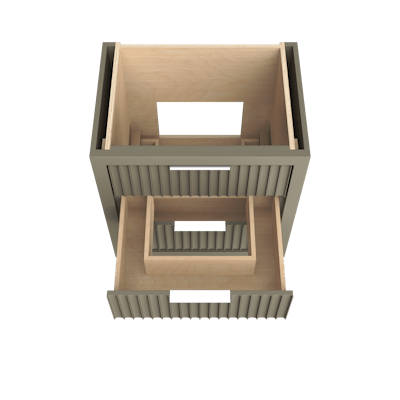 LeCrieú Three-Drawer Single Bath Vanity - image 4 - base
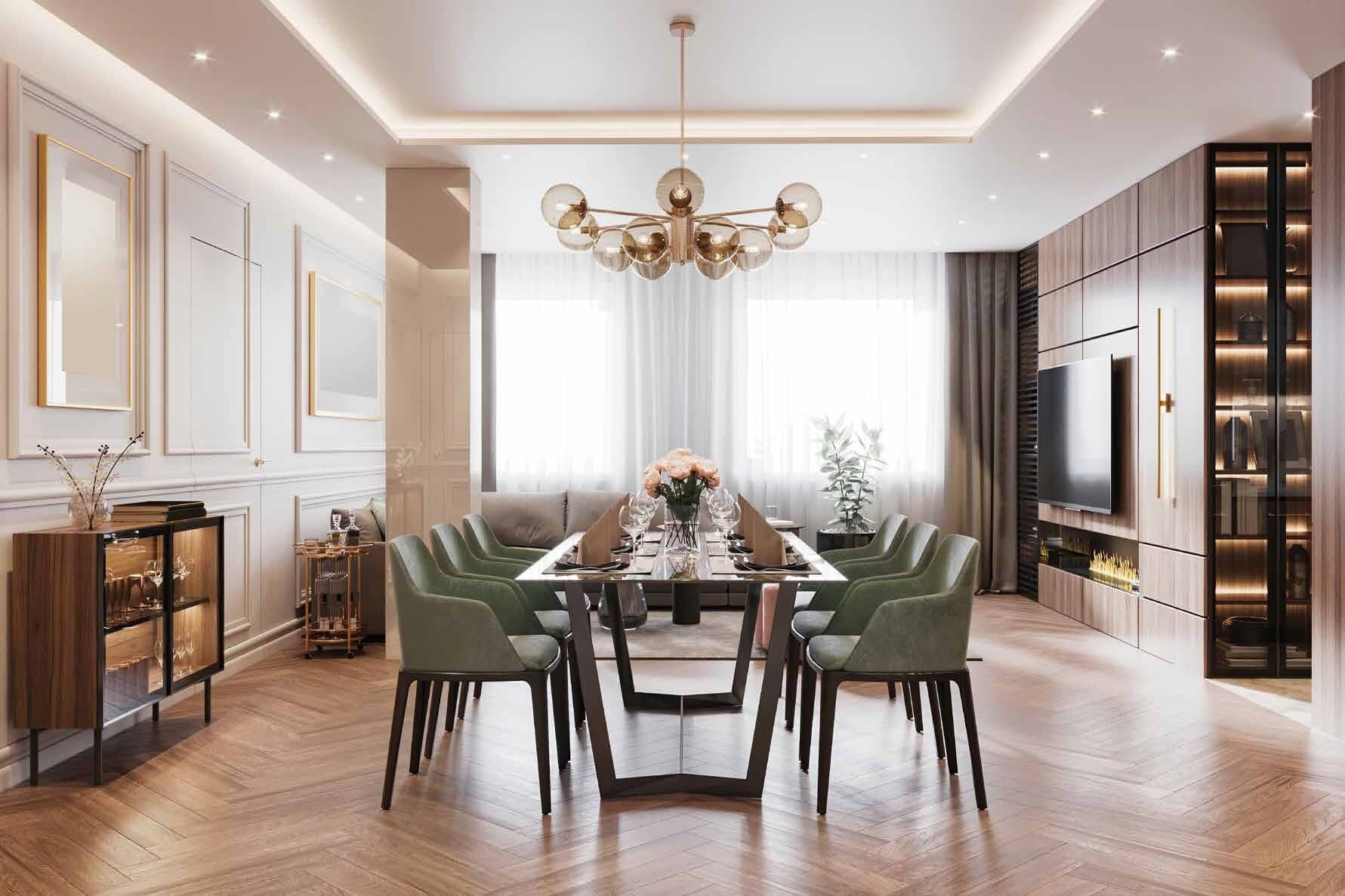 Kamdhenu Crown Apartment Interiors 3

...

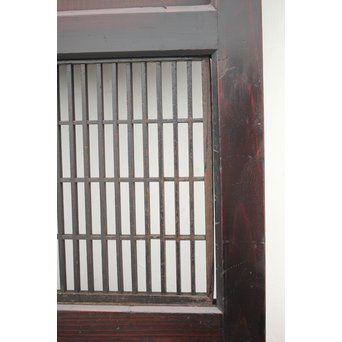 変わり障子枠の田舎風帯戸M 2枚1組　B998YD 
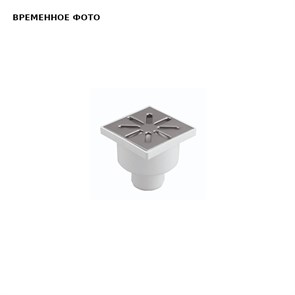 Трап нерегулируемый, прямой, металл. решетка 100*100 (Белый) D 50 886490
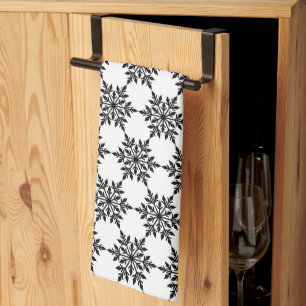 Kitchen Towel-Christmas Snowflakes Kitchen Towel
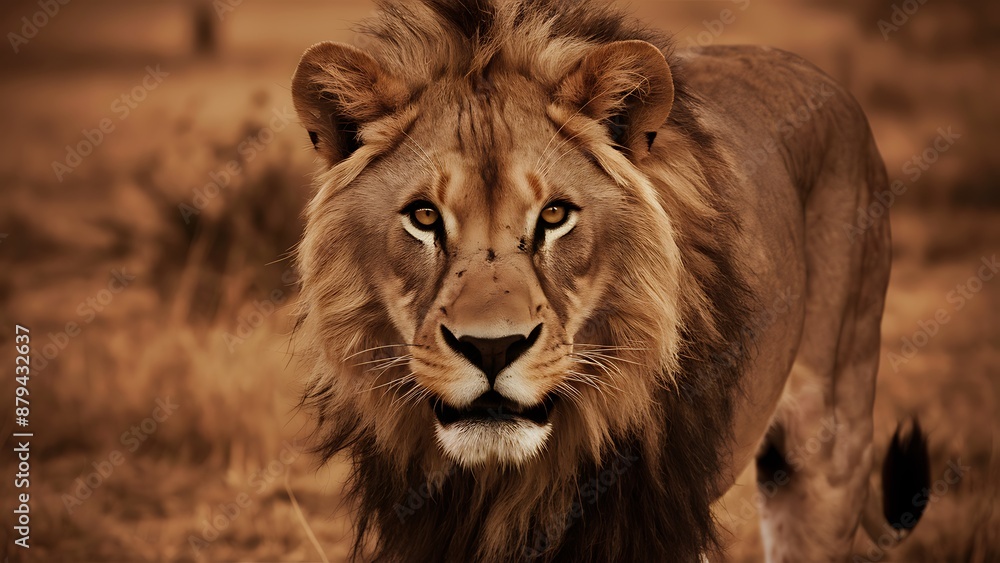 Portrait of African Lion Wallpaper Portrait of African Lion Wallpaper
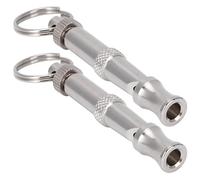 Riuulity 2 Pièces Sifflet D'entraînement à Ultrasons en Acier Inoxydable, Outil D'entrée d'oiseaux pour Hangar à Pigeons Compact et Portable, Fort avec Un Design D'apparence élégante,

...

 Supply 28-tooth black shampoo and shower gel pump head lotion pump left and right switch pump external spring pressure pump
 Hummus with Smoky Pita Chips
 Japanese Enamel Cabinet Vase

## [What the task requires]
Only those lines of the entries above that run from the line containing "Supply 28-tooth black" to the line containing "Japanese Enamel Cabinet Vase", both included, should be transcribed exactly.

## [Exercise result]
 Supply 28-tooth black shampoo and shower gel pump head lotion pump left and right switch pump external spring pressure pump
 Hummus with Smoky Pita Chips
 Japanese Enamel Cabinet Vase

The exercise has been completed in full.